In live televised remarks late yesterday, Gov Sukhumbhand Paribatra said a massive amount of water was expected to flood the Don Muang area just north of the city proper – where Bangkok’s old airport is located and now being used as headquarters for the anti-flood effort and a shelter for evacuees.
Today, water flooded traffic lanes near Don Muang airport, though one lane was still passable. Thai television showed residents in the area leaving their houses with luggage. Air operations were normal there, however, as well as at Bangkok’s main international airport on the other side of the city.
Sukhumbhand said the water would threaten five other districts as well as it barrels toward the city’s more developed areas. On the warning list was the Chatuchak district, popular with tourists and locals both for its “Weekend Market” of handicrafts and myriad other wares.
“Now all indications point to only one conclusion: a critical problem will happen,” Sukhumbhand said. He said residents of the six districts should move their belongings to higher ground, and the sick and elderly should be evacuated to shelters set up by the city. There was no indication that the capital’s inner city residential and business districts were yet at risk.

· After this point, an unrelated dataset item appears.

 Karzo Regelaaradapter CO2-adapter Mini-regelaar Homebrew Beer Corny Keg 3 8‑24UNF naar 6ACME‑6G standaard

Sukhumbhand’s warning stood in stark contrast to general reassurances given earlier in the day by the Flood Relief Operations Centre of Prime Minister Yingluck Shinawatra’s government. It announced that the situation was under control and could be expected to improve.

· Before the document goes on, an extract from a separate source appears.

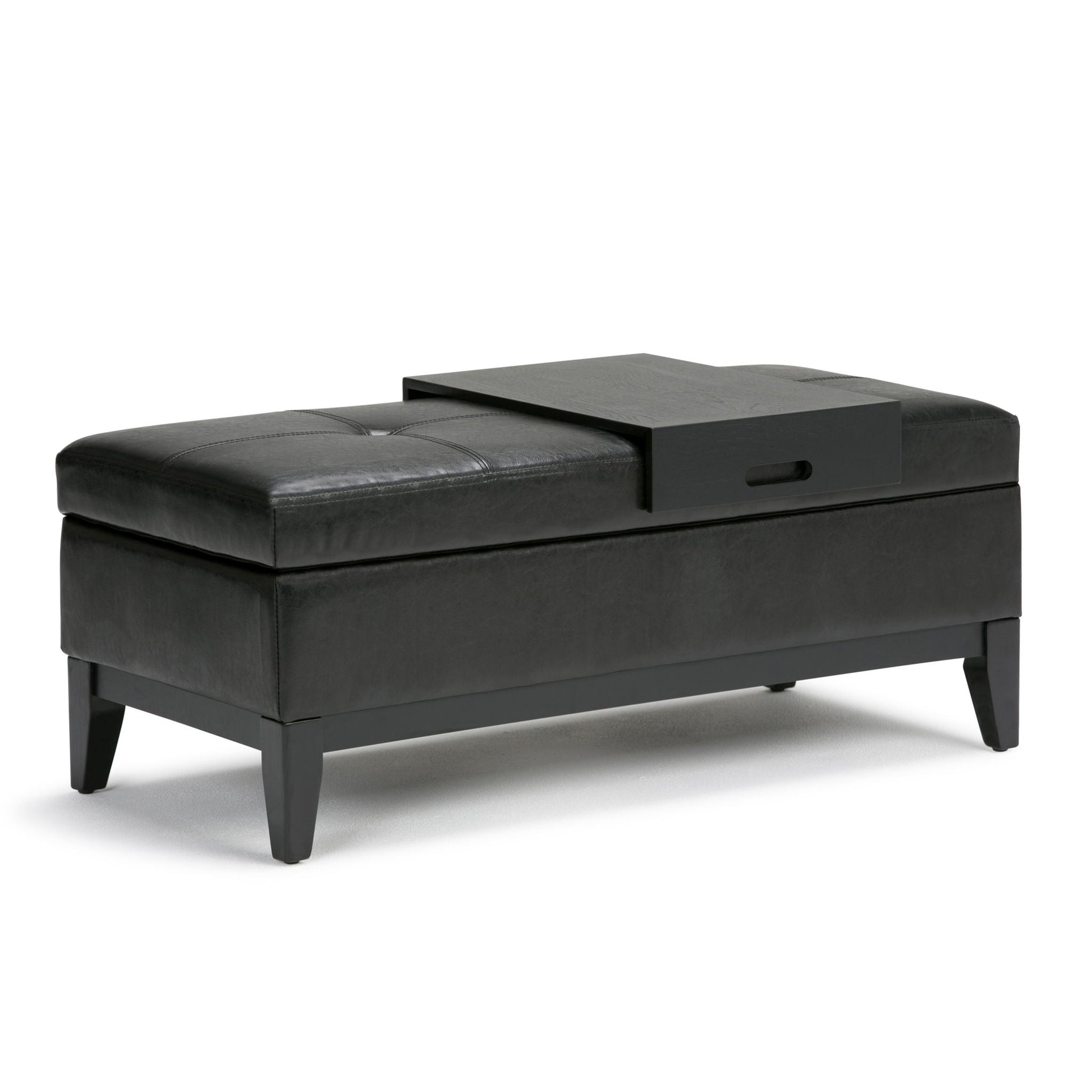 Oregon - Contemporary Storage Ottoman Bench With Tray Simpli-Home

The anti-flood agency had said earlier Sunday that the threat that floodwaters inundating Thailand’s capital could ease by early November as record-high levels in the river carrying torrents of water downstream from the country’s north begin to decline.
But with the authorities battling the waters north, east and west of the city proper, it was clear that Bangkok’s immediate prospects remained uncertain. Off a highway heading north of the city, Associated Press reporters found people scrambling for safety in flooded streets.
Mothers walked in hip-high water with children strapped to their backs, while other people waded through the murky water holding belongings in plastic bags atop their heads.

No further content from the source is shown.